Grijswit met grote donkerrode vlekken en stippen, ook onder aan de
schedes van de
rhinoforen. Top rhinoforen vaak met witte vlekken.
Middendarmkliervertakkingen helder rozerood. Rhinoforen glad, in wijde
schede. Tot 7 paar knotsvormige cerata, taps toelopend, met stompe
terminale tuberkel. Eisnoer als brede band, op een golvende,
harmonica-achtige wijze afgezet op voedsel. Zeer zeldzaam,
Oosterschelde.
Te verwarren met
Te verwarren met andere soorten van het Doto coronata-soortcomplex.
Kenmerken
Afmetingen: 10-12 mm.
Kleur: De lichaamskleur is witachtig semi-transparant, met een
dicht patroon van grote donkerrode pigmentvlekken en stippen. Alle
tuberkels dragen een grote rode pigmentvlek. Ook zijn er grote rode
pigmentvlekken op de schedes aan de basis van de rhinoforen aanwezig.
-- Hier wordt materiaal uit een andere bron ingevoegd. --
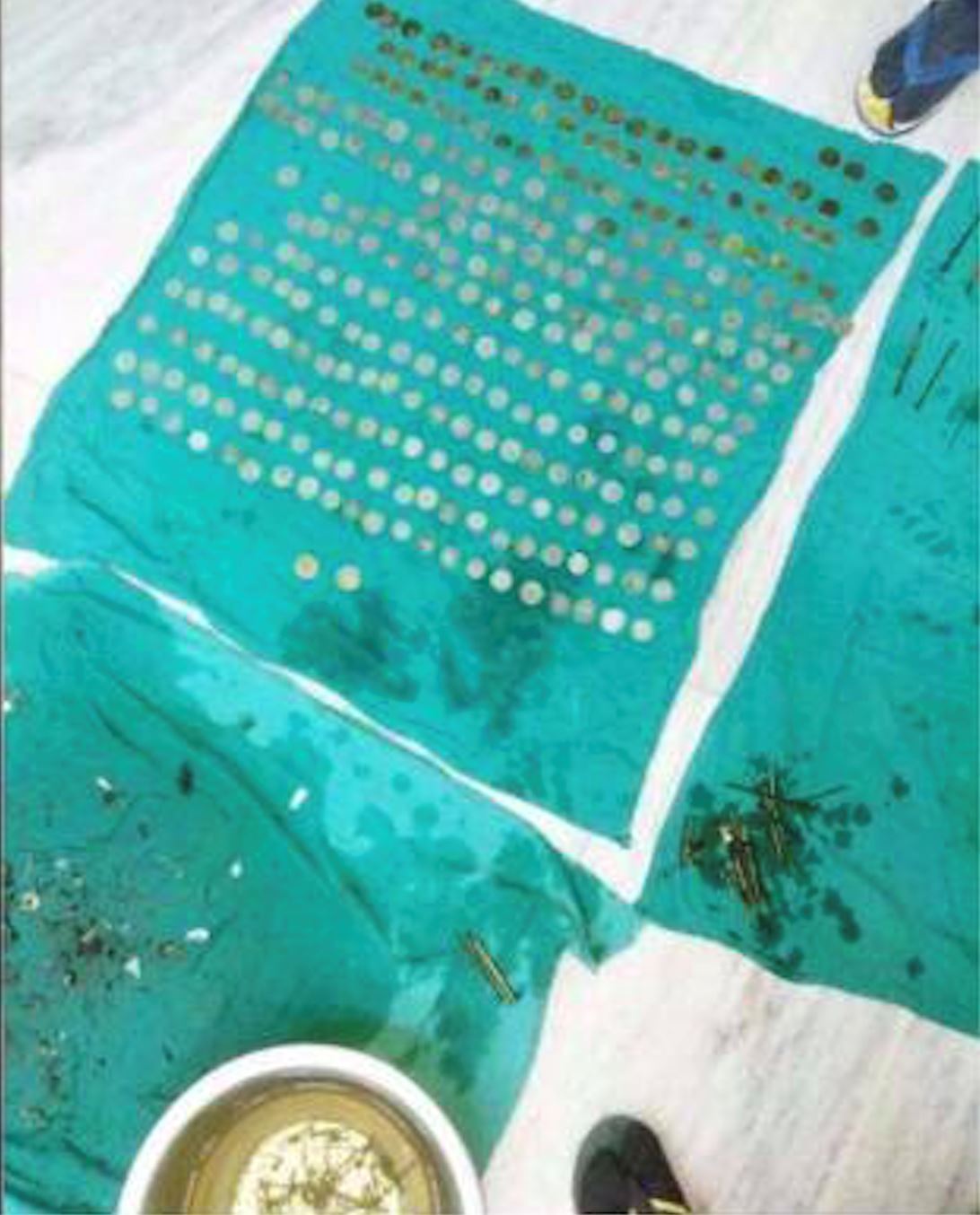 perut jadi tabung, doktor jumpa 263 keping syiling dalam perut lelaki ini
Aan de top van de rhinoforen komen ook vaak witte pigmentvlekken voor.
De vertakkingen van de middendarmklier vullen de cerata volledig en zijn
karakteristiek helder rozerood gekleurd.
Vorm: De rhinoforen zijn glad, met een wijde schede rond de basis. De tot 7 paar cerata staan in twee rijen op de rug. De cerata zijn knotsvormig en lopen aan het uiteinde taps toe, met een nogal stompe terminale tuberkel op het uiteinde. De andere tuberkels staan geplaatst in tot 5 concentrische rijen en steken in beperkte mate uit.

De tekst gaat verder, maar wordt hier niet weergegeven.